Tuesday, February 14, 2012

Starving for freedom: The hunger strike of Khader Adnan

Khader Adnan, currently on hunger strike in an Israeli prison, runs the risk of dying without international help.

By Ali Abunimah

"Amman, Jordan - By the time you read these words, Khader Adnan could be dead. After 58 full days on hunger strike, his body is already well past the stage where his vital organs may cease to function at any moment. But Khader Adnan is dying to live.

The 33-year-old Palestinian baker, husband, father, and graduate student has refused food since December 18, a day after he was arrested in a nighttime raid on his family home by Israeli occupation forces in the West Bank. He has lost over 40 kgs and his wife Randa and young daughters have described his appearance as "shocking".
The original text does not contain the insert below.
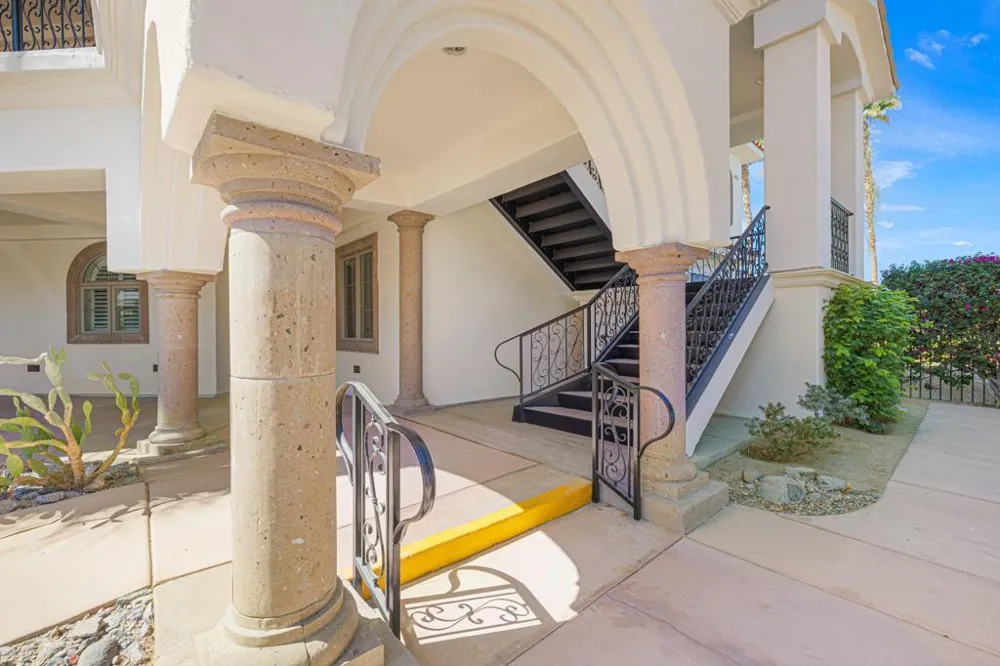 1611 Via San Martino Palm Desert, CA 92260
Adnan, whom Israel says is a member of Islamic Jihad, was given a four month "administrative detention" order by the Israeli military - meaning that he is held without being charged for any crime or trial, a practice continued by Israel that dates back to British colonial days.

Yesterday an Israeli military court rejected Adnan's appeal against the arbitrary detention. Having vowed to maintain his hunger strike until he is released or charged, the judge - an Israeli military officer - might as well have sentenced Khader Adnan to death, unless there is urgent international intervention....
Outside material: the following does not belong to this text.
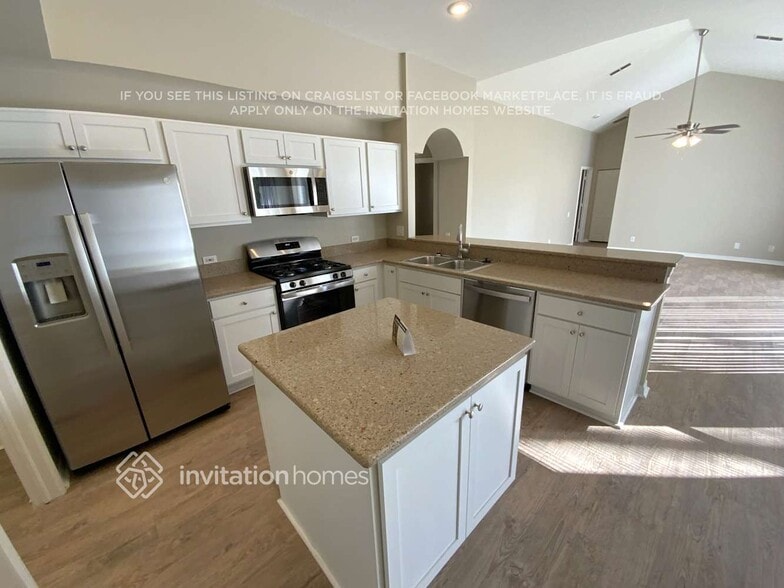 Building Photo - 1544 Daylily Dr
Last week Tommy McKearney, who spent 53 days on hunger strike in 1980, sent a video message of solidarity with Khader Adnan. McKearney, himself a former member of the IRA, lived to contribute to peace in his country, just as his comrades did with their deaths.
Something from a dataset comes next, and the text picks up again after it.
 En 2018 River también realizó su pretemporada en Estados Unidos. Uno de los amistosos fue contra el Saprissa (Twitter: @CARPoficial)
But Bobby Sands and his comrades need not have died had wiser, more humane policies prevailed at the time. And Khader Adnan need not die today or tomorrow. But it will take the world to speak out now to save him.

The determination, unflinching courage and self-sacrifice of Adnan's hunger strike has captured the imagination and support of people everywhere. He deserves our respect, but more importantly right now, he needs us to raise our voices."